The most difficult came in the form of a phone call after hours. A boy had “fallen and broken his arm. Can we bring him in?” The nurse on-call called me to say that the doctor was supposed to have arrived within the last little while but that she couldn’t reach him; would I come in if she couldn’t find him? She told me the time they were expected and I told her I’d be there. When I arrived I found her in the process of x-raying a definitely broken arm and no doctor around. “But,” she said, “he arrived just as the family did. He’d just dropped some things off at the Clinic and taken the rest of his family home and then he’d be back.” We were so relieved, praising God for the timing! This we could have not have handled ourselves. There is another missions clinic not too far from here where they have doctors who could have treated him and it is comforting to know that we can call them anytime! But it is also a very good feeling to have one of our own doctors back just in time to evaluate and treat something so completely over our heads! Unfortunately, it was too severely fractured to stay in place after setting so they will have to make a visit to Australia for surgery to stabilize it with a plate.

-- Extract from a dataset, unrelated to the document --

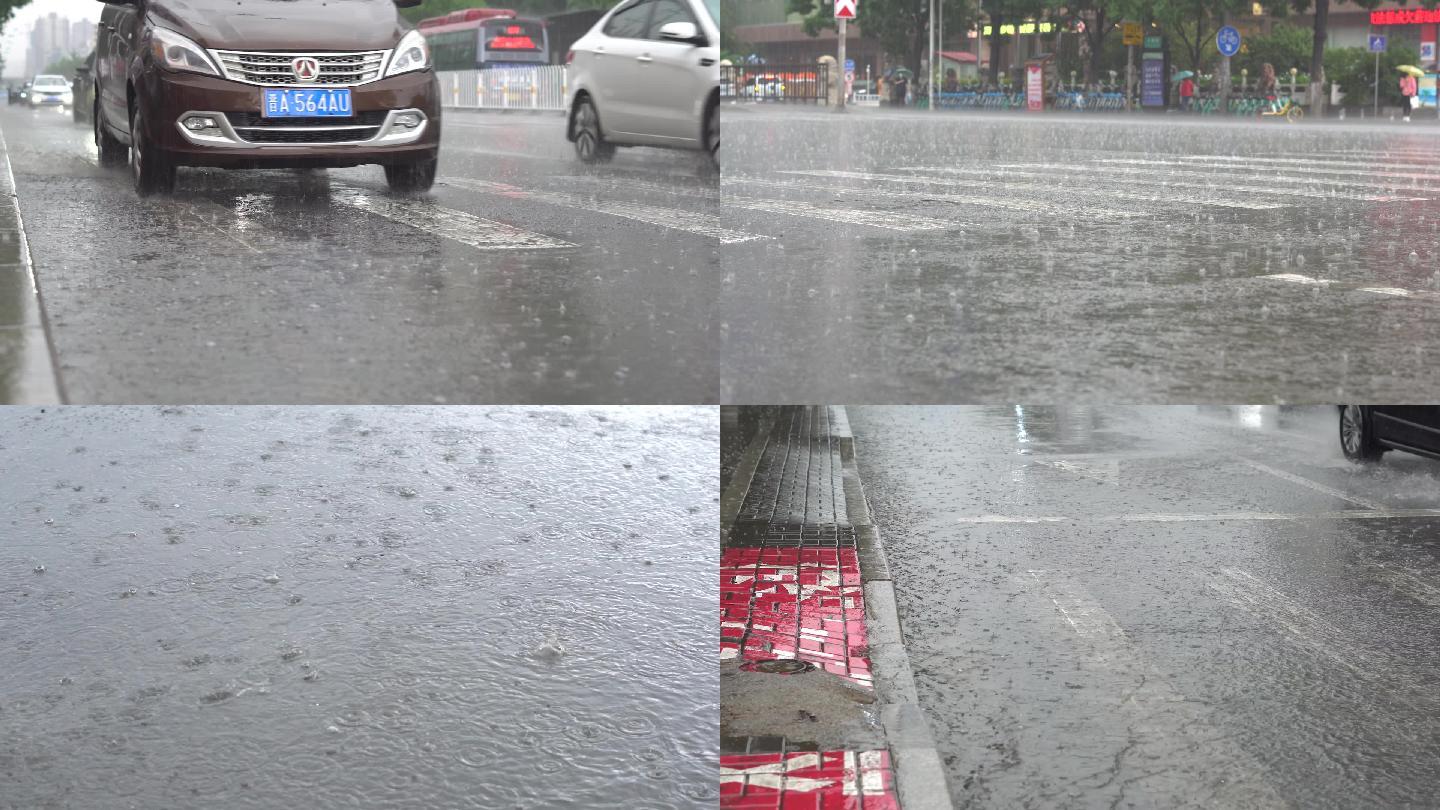 城市街头暴雨车辆驶过溅起水花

While we were treating this child, we received a phone call from one of our bush missionaries saying that their son had gotten an inch deep cut, several inches long on his leg. They had cleaned it really well and sutured it but were uncertain about which of the antibiotics they had on hand to give him and how much!
Through various means of communication we were kept busy enough with some time still to get a few projects done around the clinic. Somewhat slower-paced schedule seeing as we did not have scheduled patients but with a regular flow of activity to keep us occupied. Today we were open again, operating as usual, and, in my opinion, had a slower day than we’ve had for the last two weeks! Praise the Lord for doctors!